2. Develop a strategy
Once you have selected your location, be strategic about the timing. There is only a short window. Get there not too close to nap time and also not too close to bedtime. You had children, so just accept that the spontaneous part of your life—dropping in to the latest "it" farm-to-table pop up—is now over.
3. Bring snacks
I know you are thinking, "We are going to a restaurant. Why would I bring food?" I hear you, but you never know how long the food will take to be ready. (If you followed No. 1, though, you have a good sense of how long.) Nonetheless, bring an apple, cheese stick or something to keep the child entertained while the food comes out. Ordering a kid-appealing appetizer can also buy you some extra time. Also, this is no time to obsess over what to order. Remember: get in and get out.
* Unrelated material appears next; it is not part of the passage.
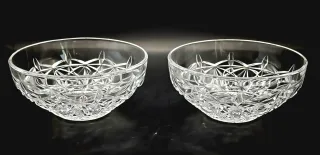 Pareja Boles Cristal Tallado Vintage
4. Do not order off the kids menu My child is 2, so this might change. But since he always wants to eat off our plates, we just share our food with him. Some restaurants have kids menus that are filled with unhealthy foods, like mac 'n' cheese and chicken tenders. He gets more variety, and it's a thrill for him to pick food off our plates.
I know you are thinking, 'We are going to a restaurant. Why would I bring food?'
5. Bring your own utensils and sippy cup This entertains them for a bit while you wait for food. When they start to reach out for your silverware, hand them their own stuff. You can also buy some time by giving them a wrapped straw. Watch them slowly peel it off and, yes, they will chew on it a bit. But it's OK, you can enjoy your pad thai in the meantime.
6. Get creative
Turn anything into a musical instrument, bang salt shakers together, turn bowls over and bang them as if they were drums. Sure everyone will stare, but only because they think you are an awesome parent who is teaching her child musicality. Bring your child's favorite toy, if it isn't something that can hurt someone if thrown. I bring a book and a car, he lets me know when he's over them. You can also bring a crayon and a notebook and watch your child scribble and draw letters. Or you can recite the letters to them. I know you are wondering how to eat while doing this impromptu alphabet lesson. You take turns with your dining companion, of course!
7. Eat fast And pay the bill while your partner pulls the kid out of the high chair. Tip generously, because your kid threw half of his food on the floor. Grab a napkin and pretend like you are going to clean it up. Look up and wait for someone from the staff to come tell you that it's OK, because, after all, he is only a baby. Have your kid wave bye or give the staff a high five.